======== Records for the exercise

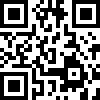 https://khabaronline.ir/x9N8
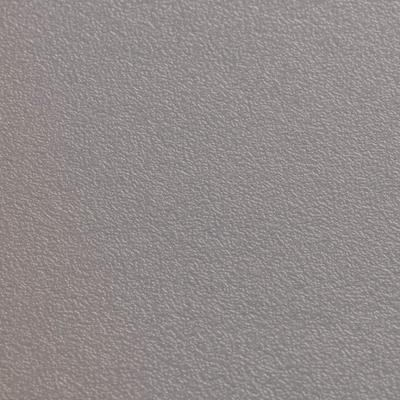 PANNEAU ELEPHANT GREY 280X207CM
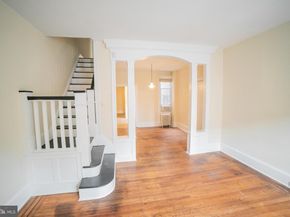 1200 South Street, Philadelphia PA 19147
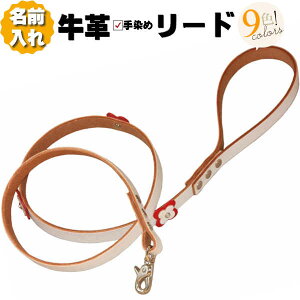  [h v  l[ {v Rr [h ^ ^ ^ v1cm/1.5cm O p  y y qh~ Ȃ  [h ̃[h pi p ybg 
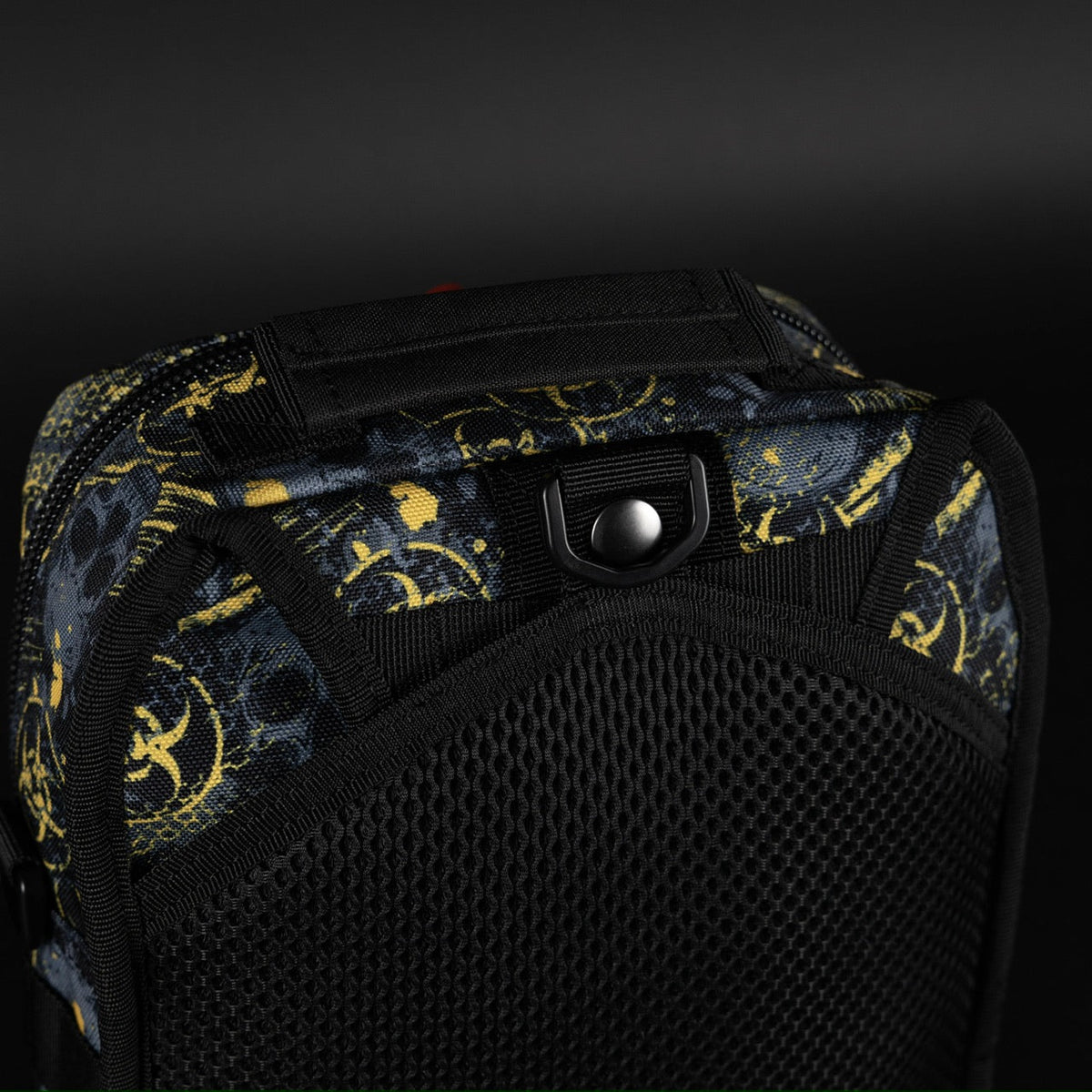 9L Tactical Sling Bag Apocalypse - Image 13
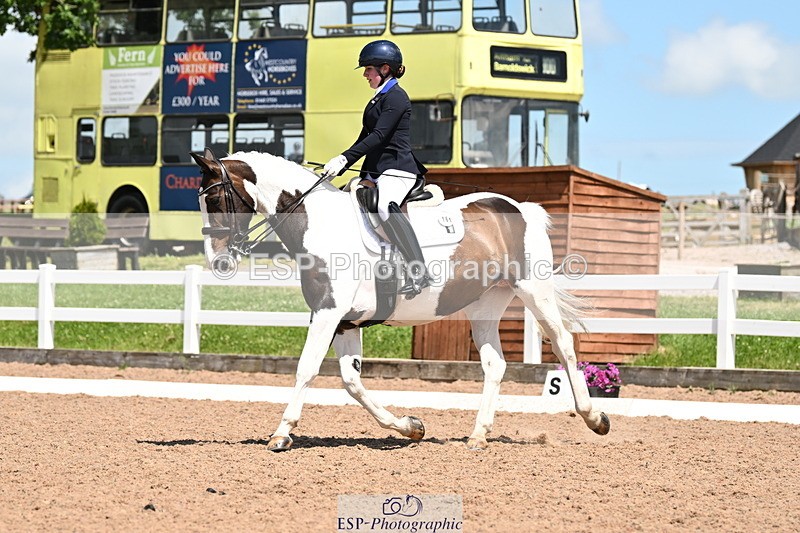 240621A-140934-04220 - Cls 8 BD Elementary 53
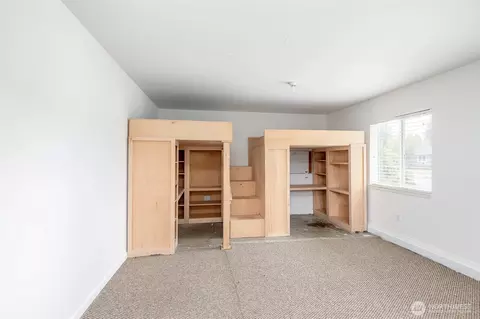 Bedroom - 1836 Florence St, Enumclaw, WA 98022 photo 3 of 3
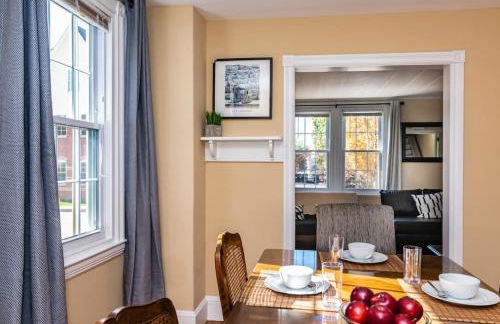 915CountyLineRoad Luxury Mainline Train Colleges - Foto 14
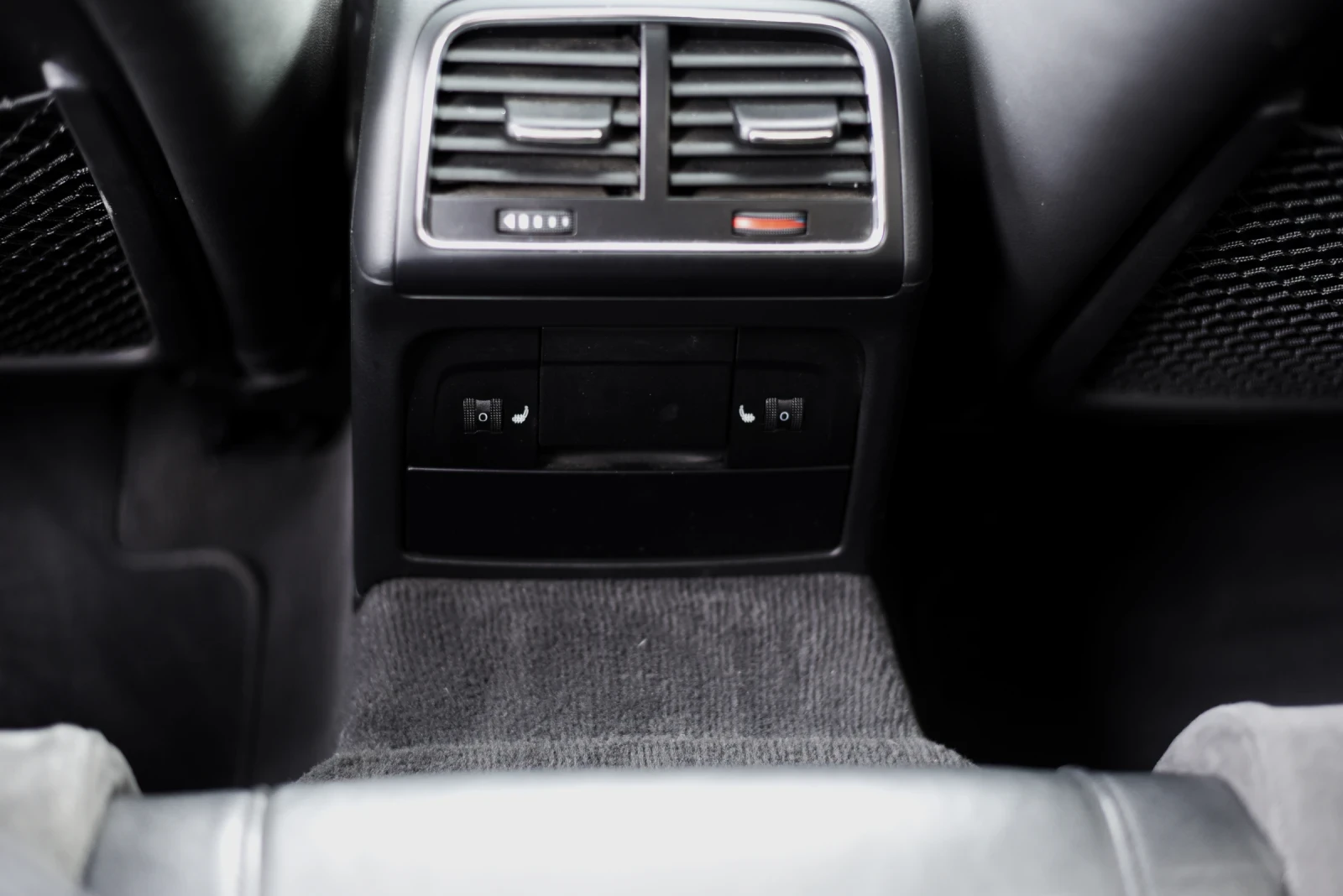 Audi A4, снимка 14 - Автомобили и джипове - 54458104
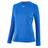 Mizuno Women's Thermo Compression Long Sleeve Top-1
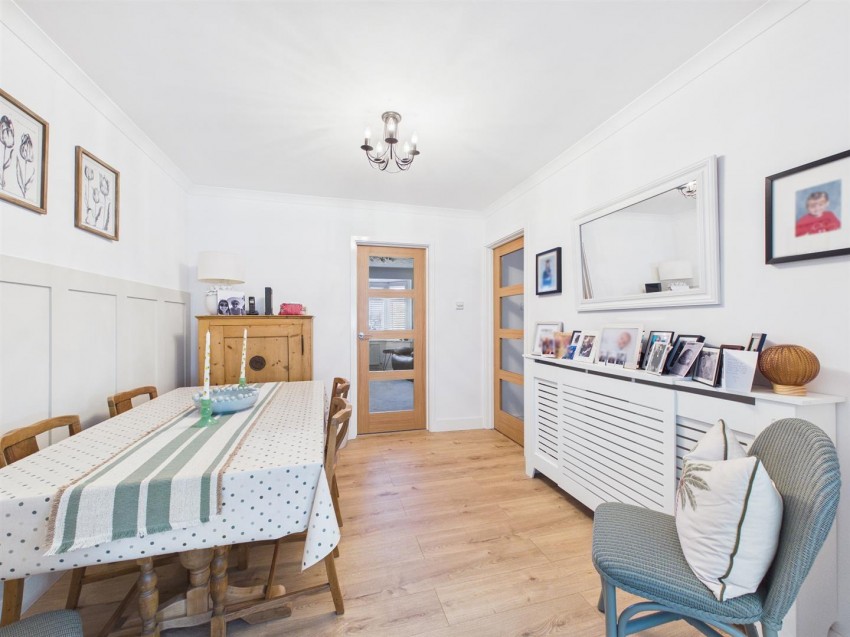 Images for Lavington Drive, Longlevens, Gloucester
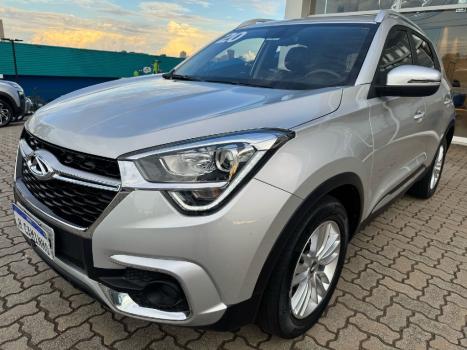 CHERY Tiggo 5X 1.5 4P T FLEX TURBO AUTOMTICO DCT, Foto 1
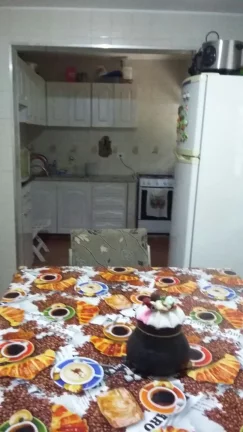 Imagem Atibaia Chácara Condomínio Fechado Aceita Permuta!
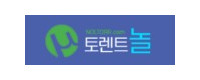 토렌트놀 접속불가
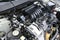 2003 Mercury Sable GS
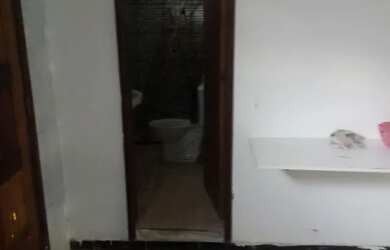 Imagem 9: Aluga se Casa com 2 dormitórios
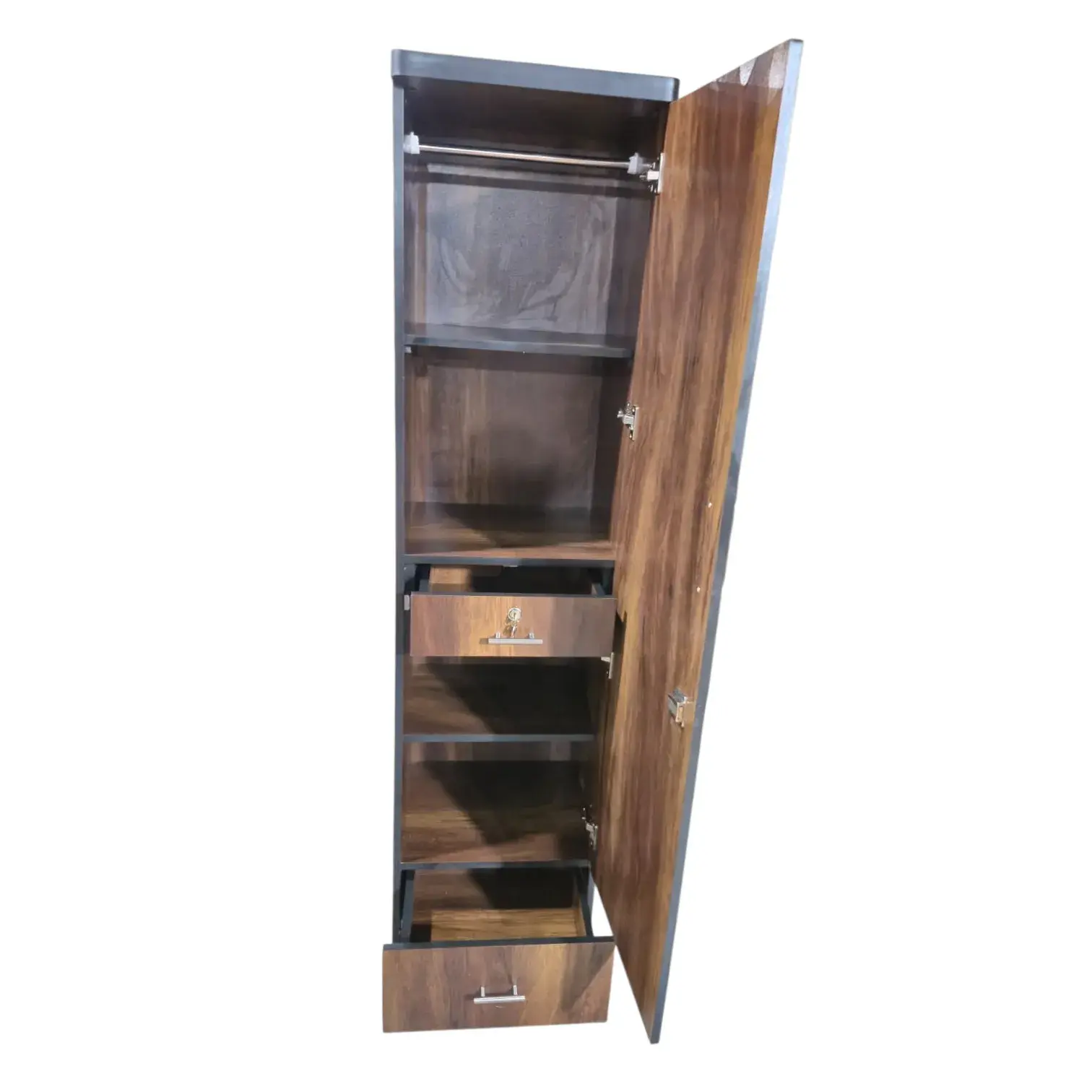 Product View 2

================

Problem requirements: Your response should reproduce the entire listing verbatim, minus the pictures.

Solution:
 https://khabaronline.ir/x9N8
 PANNEAU ELEPHANT GREY 280X207CM
 1200 South Street, Philadelphia PA 19147
  [h v  l[ {v Rr [h ^ ^ ^ v1cm/1.5cm O p  y y qh~ Ȃ  [h ̃[h pi p ybg 
 9L Tactical Sling Bag Apocalypse - Image 13
 240621A-140934-04220 - Cls 8 BD Elementary 53
 Bedroom - 1836 Florence St, Enumclaw, WA 98022 photo 3 of 3
 915CountyLineRoad Luxury Mainline Train Colleges - Foto 14
 Audi A4, снимка 14 - Автомобили и джипове - 54458104
 Mizuno Women's Thermo Compression Long Sleeve Top-1
 Images for Lavington Drive, Longlevens, Gloucester
 CHERY Tiggo 5X 1.5 4P T FLEX TURBO AUTOMTICO DCT, Foto 1
 Imagem Atibaia Chácara Condomínio Fechado Aceita Permuta!
 토렌트놀 접속불가
 2003 Mercury Sable GS
 Imagem 9: Aluga se Casa com 2 dormitórios
 Product View 2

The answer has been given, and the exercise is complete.